La cabra comprendió lo que se le ordenaba y obedeció. Después Heidi echó la hierba sobre el regazo de Clara y, ésta, llena de regocijo, dijo a Heidi que podía irse a ver las flores y permanecer ausente tanto tiempo como quisiera. Nada tan delicioso para ella como quedarse sola con la cabrita. Heidi se alejó rápidamente y Clara comenzó a ofrecer a Blancanieves la hierba, brizna a brizna. La cabra se familiarizó tan pronto con la enferma que se pegó a ella y fue comiendo lentamente en su mano la hierba que ésta le daba. Se veía bien claro que se sentía feliz de poder permanecer tranquilamente y bajo una buena protección, pues hallándose entre sus compañeras estaba siempre expuesta a toda clase de persecuciones por parte del muchacho. En cuanto a Clara, le parecía encantador hallarse sentada en la montaña, sola con una tímida cabrita que tenía necesidad de su protección. En ella se despertó, de pronto, un vivo anhelo de ser libre, de poder ayudar a los demás en lugar de ser tan sólo ayudada por ellos. En su mente surgían ideas que jamás había tenido de niña, experimentaba un desconocido deseo de continuar viviendo bajo el sol y de poder hacer a alguien tan feliz como en aquel momento estaba haciendo a Blancanieves.

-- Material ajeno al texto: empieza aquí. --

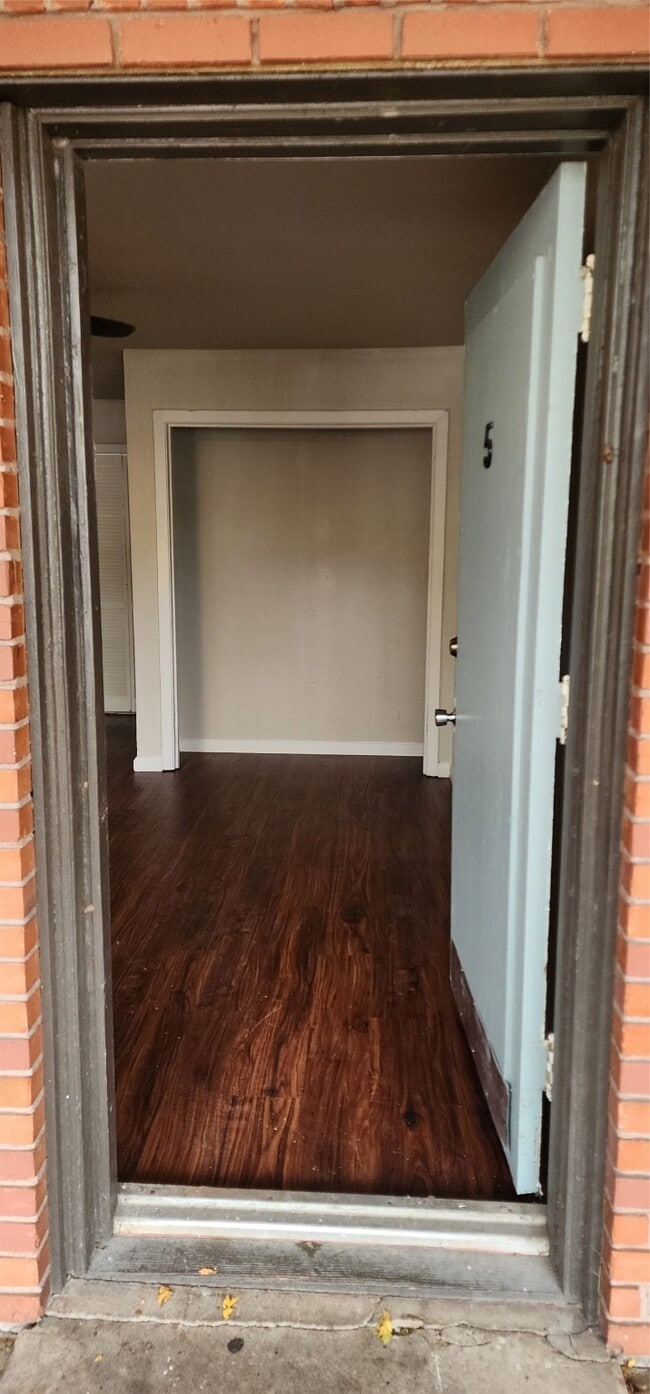 Building Photo - 2501 Yoakum Blvd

Un nuevo placer henchía su corazón como si advirtiera que todo podía ser más bello de lo que había sido hasta entonces; y sintió una vaga y desconocida felicidad que la movía a exclamar abrazando a Blancanieves:

—¡Oh, cabrita querida, qué bello es esto! ¡Si pudiera vivir siempre aquí!

Entre tanto, Heidi había llegado al punto donde crecían las flores. Lanzó un grito de alegría. Toda la pendiente estaba cubierta de un tapiz de oro: era el diente de león. Debajo de éste, las campanillas de un azul intenso y un perfume exquisito y penetrante saturaban la atmósfera como si se hubiera echado incienso sobre los pastos. Este aroma era producido por las orquídeas silvestres, las cuales asomaban modestamente su cabecita entre las doradas corolas. Heidi contemplaba las flores y respiraba profundamente su perfume. Después, de súbito, volvió sobre sus pasos y llegó al lado de Clara sin aliento y llena de una viva excitación.

—¡Oh, es preciso que vengas! —exclamó, apenas la divisó desde lejos—. ¡Son tan bellas! Podría llevarte, ¿quieres?

Clara contempló a Heidi, estupefacta, y después movió la cabeza negativamente:

—No, no, Heidi, tú eres mucho más pequeña que yo. Sin embargo, ¡si pudiera ir!

Entonces Heidi dirigió en torno suyo una mirada escrutadora. Sin duda había tenido una nueva ocurrencia. En los altos campos de pastos, sentado en el mismo sitio donde antes estuviera echado, Pedro contemplaba fijamente a las niñas. Dos horas hacía que estaba allí sin moverse y casi sin pestañear, como si no pudiese comprender lo que sucedía. Aquella misma mañana había destruido el sillón, su enemigo, para que todo concluyera y la forastera no pudiera moverse de la cabaña, y he aquí que, de pronto, había aparecido en lo alto del monte, pues estaba realmente allí, sentada sobre la hierba y al lado de Heidi.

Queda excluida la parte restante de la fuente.